WHAT THE TASK ASKS
Could you print, exactly as they stand, the lines from the one holding "Черный Опель Мерива, объемом" to the end of the data below, and nothing more?

─── INPUT RECORDS ───

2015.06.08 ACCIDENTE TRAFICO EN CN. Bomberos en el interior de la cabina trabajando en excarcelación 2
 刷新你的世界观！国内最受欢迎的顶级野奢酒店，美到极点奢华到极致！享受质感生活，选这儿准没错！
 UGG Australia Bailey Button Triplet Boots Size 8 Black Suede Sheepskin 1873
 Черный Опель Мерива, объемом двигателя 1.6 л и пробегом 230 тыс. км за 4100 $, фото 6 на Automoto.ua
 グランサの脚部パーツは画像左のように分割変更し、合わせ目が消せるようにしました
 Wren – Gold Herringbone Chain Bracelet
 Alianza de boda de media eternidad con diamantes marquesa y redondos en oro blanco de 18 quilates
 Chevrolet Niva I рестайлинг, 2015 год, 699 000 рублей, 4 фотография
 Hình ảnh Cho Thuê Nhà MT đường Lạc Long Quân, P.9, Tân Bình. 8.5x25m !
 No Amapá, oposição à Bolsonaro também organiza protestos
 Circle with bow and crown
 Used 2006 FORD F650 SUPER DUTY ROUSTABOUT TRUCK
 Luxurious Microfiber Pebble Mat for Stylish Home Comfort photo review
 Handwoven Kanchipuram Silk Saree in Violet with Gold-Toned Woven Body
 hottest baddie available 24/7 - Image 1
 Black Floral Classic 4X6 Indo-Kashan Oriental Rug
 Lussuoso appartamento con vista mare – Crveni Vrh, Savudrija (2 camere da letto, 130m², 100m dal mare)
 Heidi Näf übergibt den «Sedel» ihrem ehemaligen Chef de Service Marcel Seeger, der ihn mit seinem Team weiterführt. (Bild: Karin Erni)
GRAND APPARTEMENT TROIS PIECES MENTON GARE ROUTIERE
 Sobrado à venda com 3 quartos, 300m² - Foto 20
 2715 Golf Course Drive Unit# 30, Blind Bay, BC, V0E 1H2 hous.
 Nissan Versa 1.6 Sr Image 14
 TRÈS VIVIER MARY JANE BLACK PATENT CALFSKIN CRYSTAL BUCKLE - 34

───

WRITTEN SOLUTION
 Черный Опель Мерива, объемом двигателя 1.6 л и пробегом 230 тыс. км за 4100 $, фото 6 на Automoto.ua
 グランサの脚部パーツは画像左のように分割変更し、合わせ目が消せるようにしました
 Wren – Gold Herringbone Chain Bracelet
 Alianza de boda de media eternidad con diamantes marquesa y redondos en oro blanco de 18 quilates
 Chevrolet Niva I рестайлинг, 2015 год, 699 000 рублей, 4 фотография
 Hình ảnh Cho Thuê Nhà MT đường Lạc Long Quân, P.9, Tân Bình. 8.5x25m !
 No Amapá, oposição à Bolsonaro também organiza protestos
 Circle with bow and crown
 Used 2006 FORD F650 SUPER DUTY ROUSTABOUT TRUCK
 Luxurious Microfiber Pebble Mat for Stylish Home Comfort photo review
 Handwoven Kanchipuram Silk Saree in Violet with Gold-Toned Woven Body
 hottest baddie available 24/7 - Image 1
 Black Floral Classic 4X6 Indo-Kashan Oriental Rug
 Lussuoso appartamento con vista mare – Crveni Vrh, Savudrija (2 camere da letto, 130m², 100m dal mare)
 Heidi Näf übergibt den «Sedel» ihrem ehemaligen Chef de Service Marcel Seeger, der ihn mit seinem Team weiterführt. (Bild: Karin Erni)
GRAND APPARTEMENT TROIS PIECES MENTON GARE ROUTIERE
 Sobrado à venda com 3 quartos, 300m² - Foto 20
 2715 Golf Course Drive Unit# 30, Blind Bay, BC, V0E 1H2 hous.
 Nissan Versa 1.6 Sr Image 14
 TRÈS VIVIER MARY JANE BLACK PATENT CALFSKIN CRYSTAL BUCKLE - 34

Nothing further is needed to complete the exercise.